#### Task requirements:
The complete listing should be restated exactly.

#### Supplied data:
>>>
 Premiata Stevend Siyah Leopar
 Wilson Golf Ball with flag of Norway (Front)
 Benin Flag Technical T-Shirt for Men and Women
<<<
#### Solved exercise:
 Premiata Stevend Siyah Leopar
 Wilson Golf Ball with flag of Norway (Front)
 Benin Flag Technical T-Shirt for Men and Women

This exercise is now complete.